- INPUT DATA:
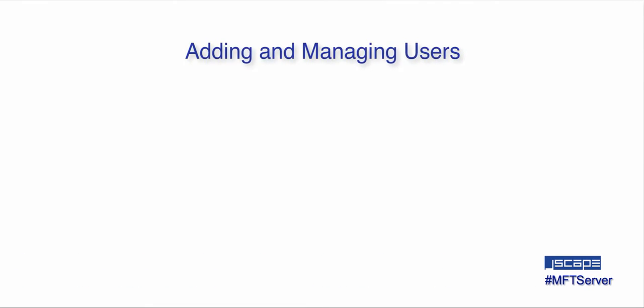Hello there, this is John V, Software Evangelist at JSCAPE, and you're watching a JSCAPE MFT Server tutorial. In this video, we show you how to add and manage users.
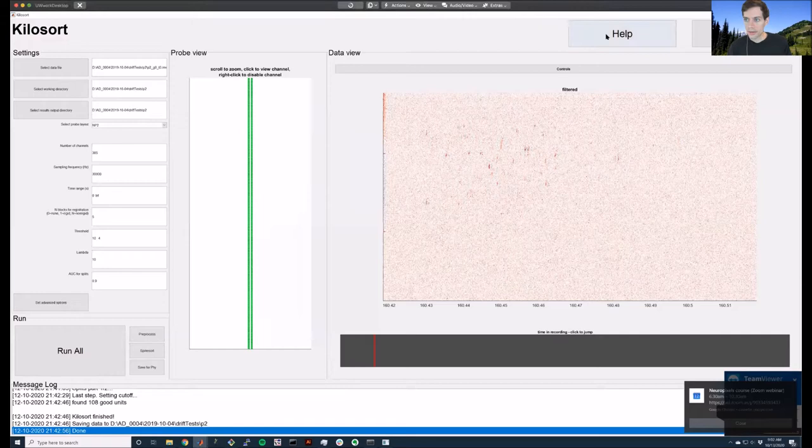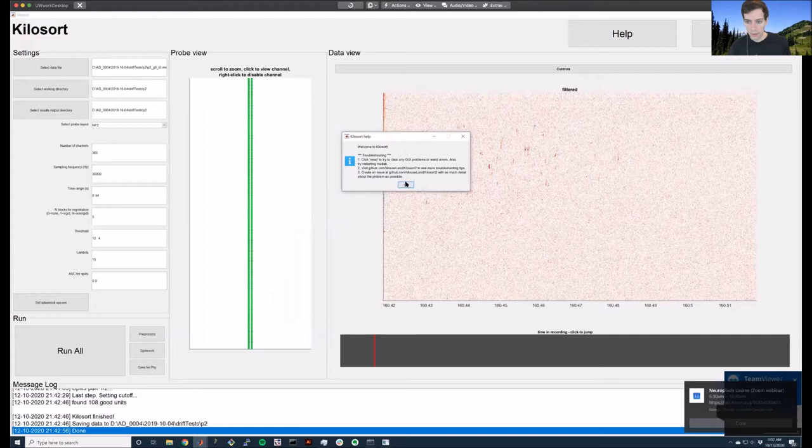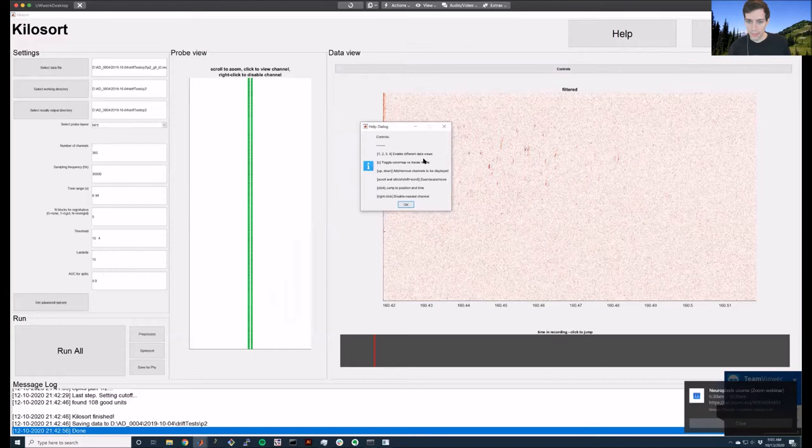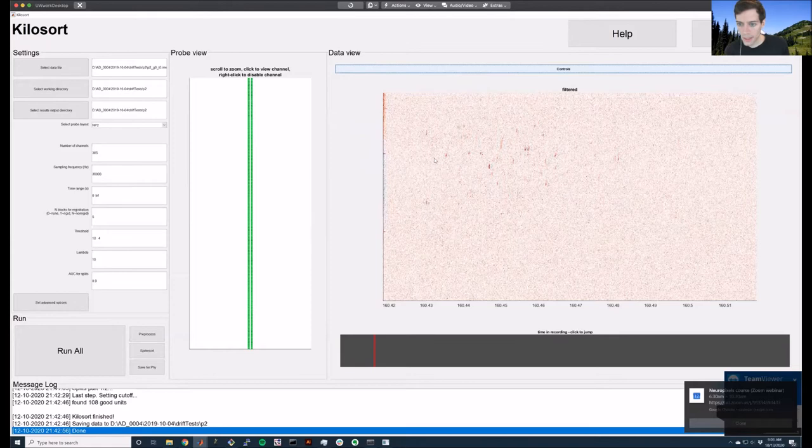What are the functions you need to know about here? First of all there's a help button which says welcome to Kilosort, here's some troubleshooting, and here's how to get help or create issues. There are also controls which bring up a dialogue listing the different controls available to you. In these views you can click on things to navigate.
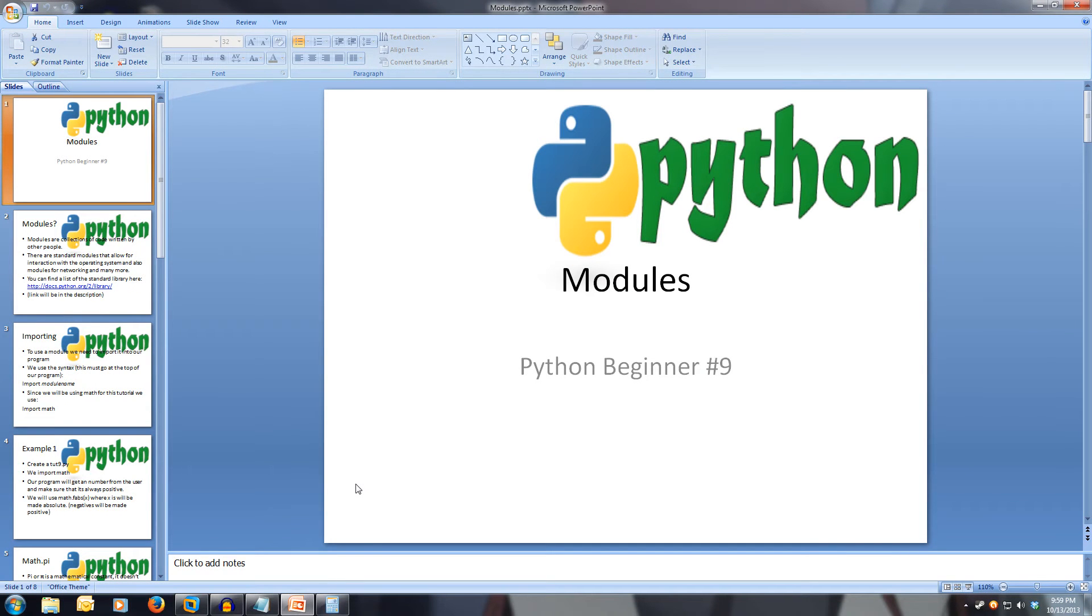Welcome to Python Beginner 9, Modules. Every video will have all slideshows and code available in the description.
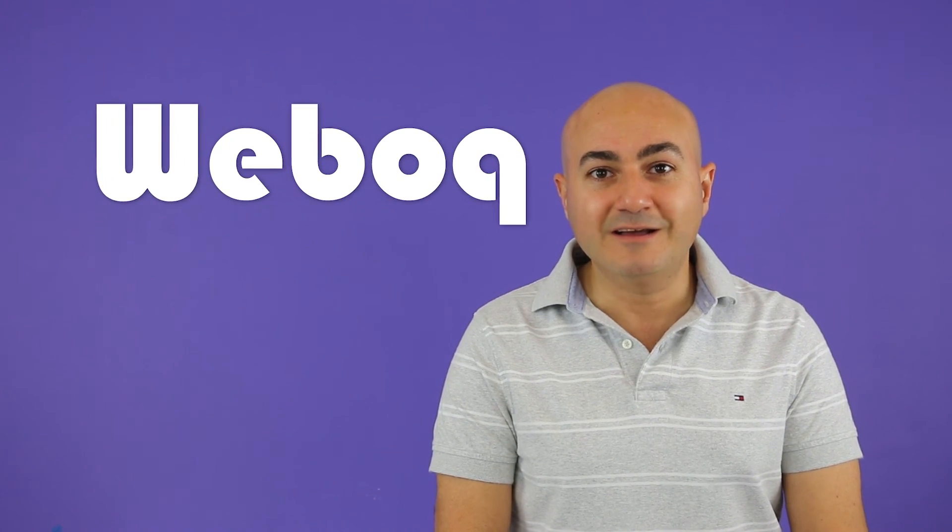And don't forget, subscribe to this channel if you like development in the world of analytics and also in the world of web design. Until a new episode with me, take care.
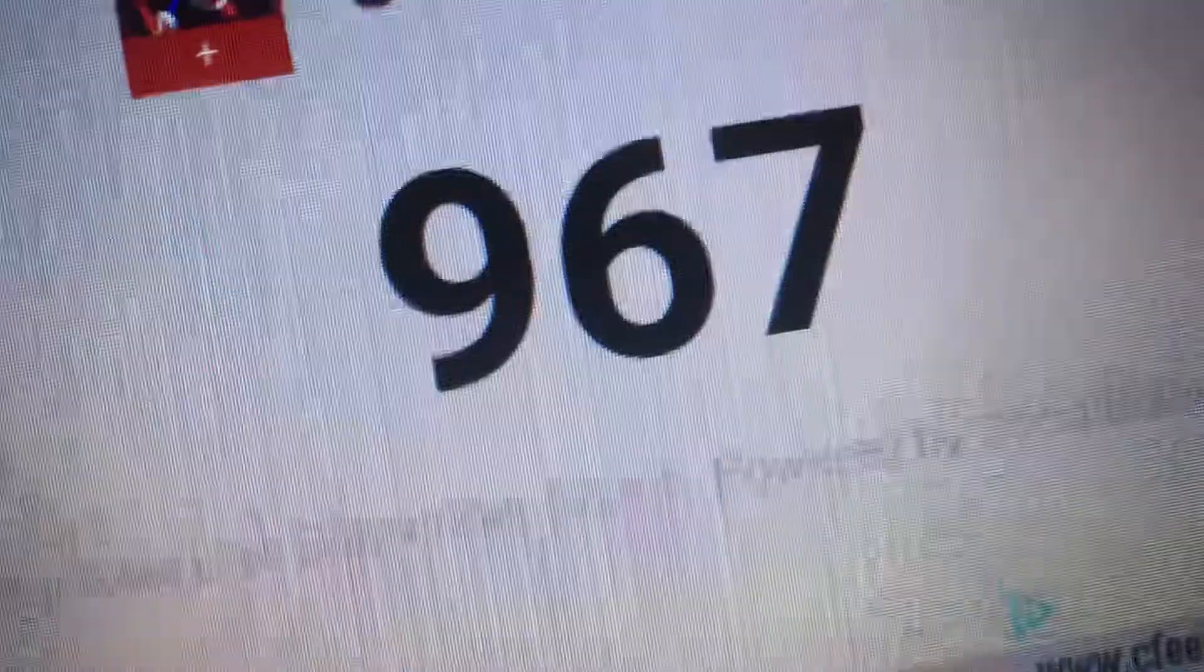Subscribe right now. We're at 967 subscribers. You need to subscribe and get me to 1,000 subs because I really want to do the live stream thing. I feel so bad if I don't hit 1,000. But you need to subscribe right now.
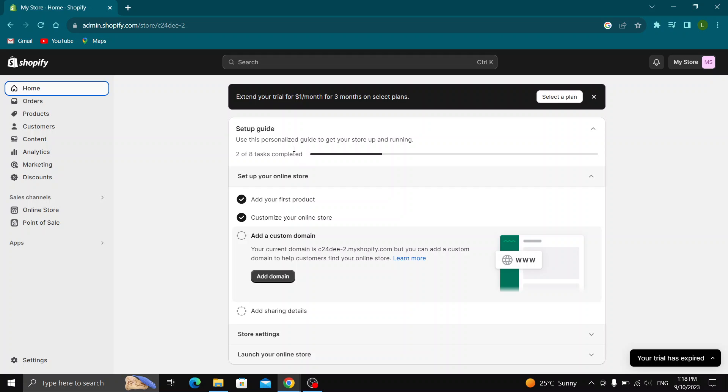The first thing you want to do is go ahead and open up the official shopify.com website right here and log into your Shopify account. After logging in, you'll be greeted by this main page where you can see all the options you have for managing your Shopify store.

---

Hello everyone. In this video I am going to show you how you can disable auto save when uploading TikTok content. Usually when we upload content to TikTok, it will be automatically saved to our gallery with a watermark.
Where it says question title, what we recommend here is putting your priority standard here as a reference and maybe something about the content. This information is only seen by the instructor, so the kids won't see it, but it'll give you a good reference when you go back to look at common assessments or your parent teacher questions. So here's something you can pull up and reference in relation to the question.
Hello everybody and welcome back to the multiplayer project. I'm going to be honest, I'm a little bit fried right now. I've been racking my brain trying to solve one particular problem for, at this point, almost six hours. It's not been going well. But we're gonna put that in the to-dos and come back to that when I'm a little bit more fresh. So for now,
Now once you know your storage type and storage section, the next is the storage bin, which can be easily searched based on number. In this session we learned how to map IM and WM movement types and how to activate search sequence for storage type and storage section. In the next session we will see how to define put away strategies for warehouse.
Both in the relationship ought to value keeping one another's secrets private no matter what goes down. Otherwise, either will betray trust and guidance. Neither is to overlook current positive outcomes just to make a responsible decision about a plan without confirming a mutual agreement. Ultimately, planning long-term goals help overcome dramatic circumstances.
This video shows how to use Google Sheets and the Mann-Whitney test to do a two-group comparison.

---

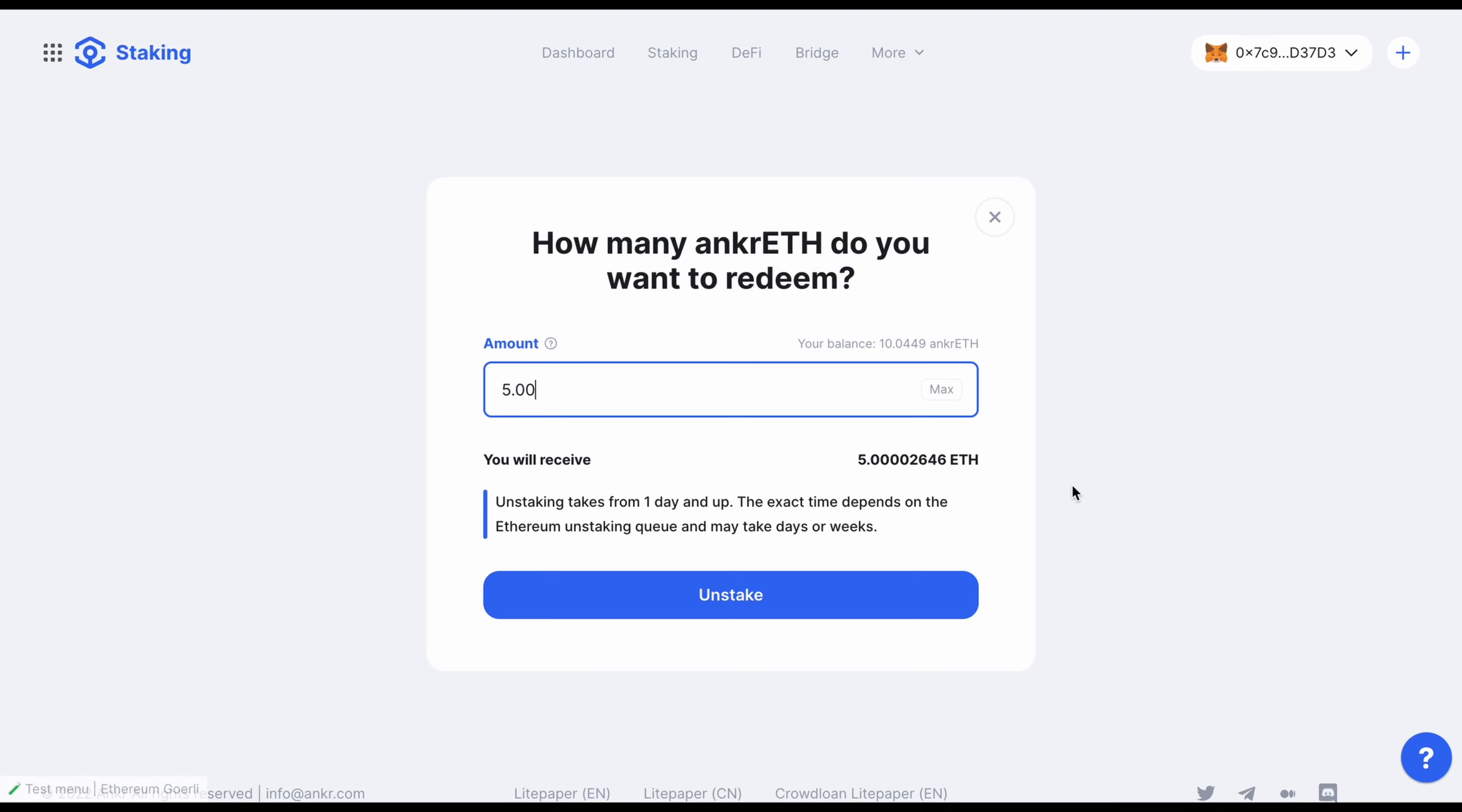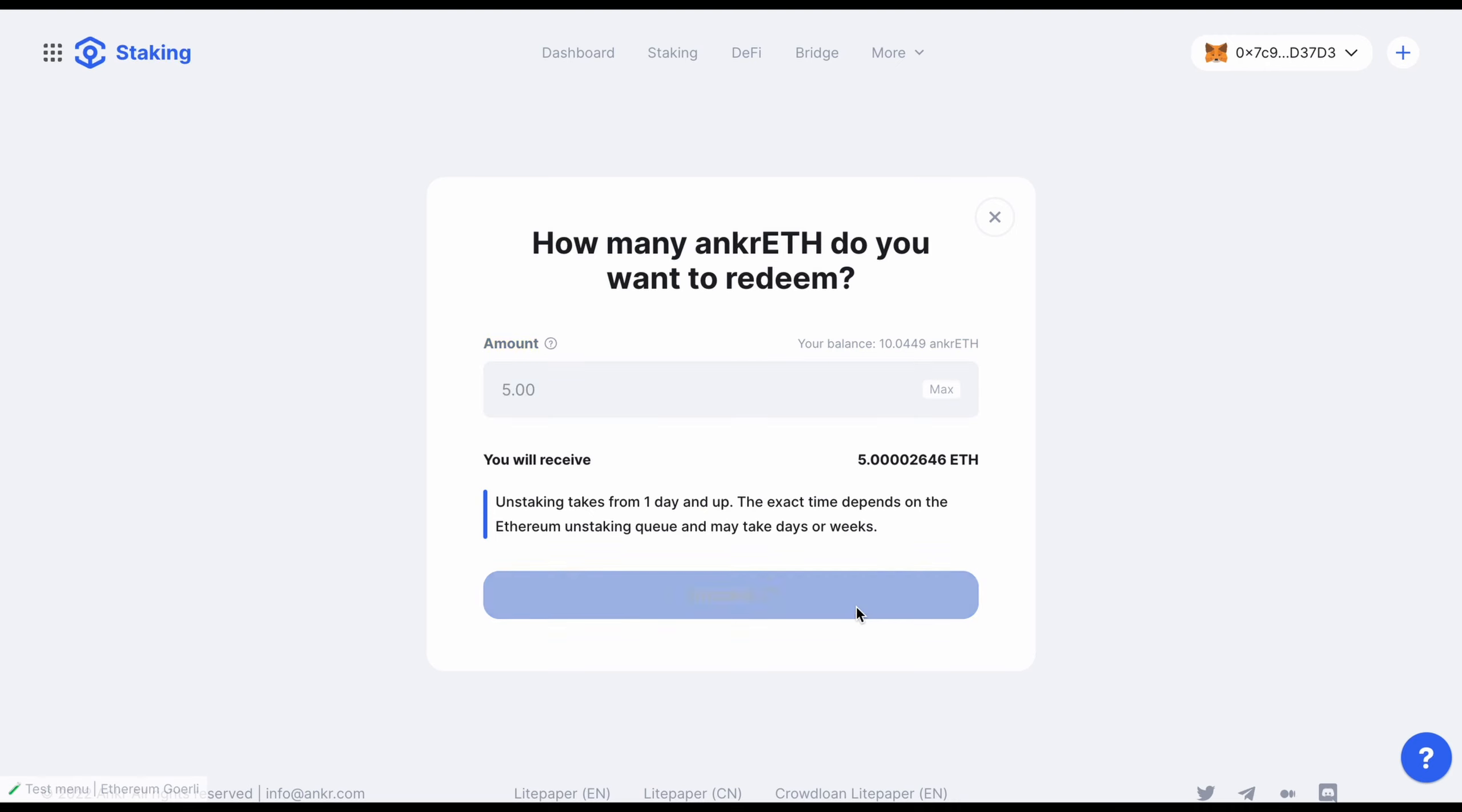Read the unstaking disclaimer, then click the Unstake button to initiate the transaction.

- GOAL OF THE EXERCISE:
Within the listing above, the lines from the one with "What are the" through the one with "Subscribe right now. We're" are to be given again word for word. Do not include pictures.

- WRITTEN RESPONSE:
What are the functions you need to know about here? First of all there's a help button which says welcome to Kilosort, here's some troubleshooting, and here's how to get help or create issues. There are also controls which bring up a dialogue listing the different controls available to you. In these views you can click on things to navigate.
Welcome to Python Beginner 9, Modules. Every video will have all slideshows and code available in the description.
And don't forget, subscribe to this channel if you like development in the world of analytics and also in the world of web design. Until a new episode with me, take care.
Subscribe right now. We're at 967 subscribers. You need to subscribe and get me to 1,000 subs because I really want to do the live stream thing. I feel so bad if I don't hit 1,000. But you need to subscribe right now.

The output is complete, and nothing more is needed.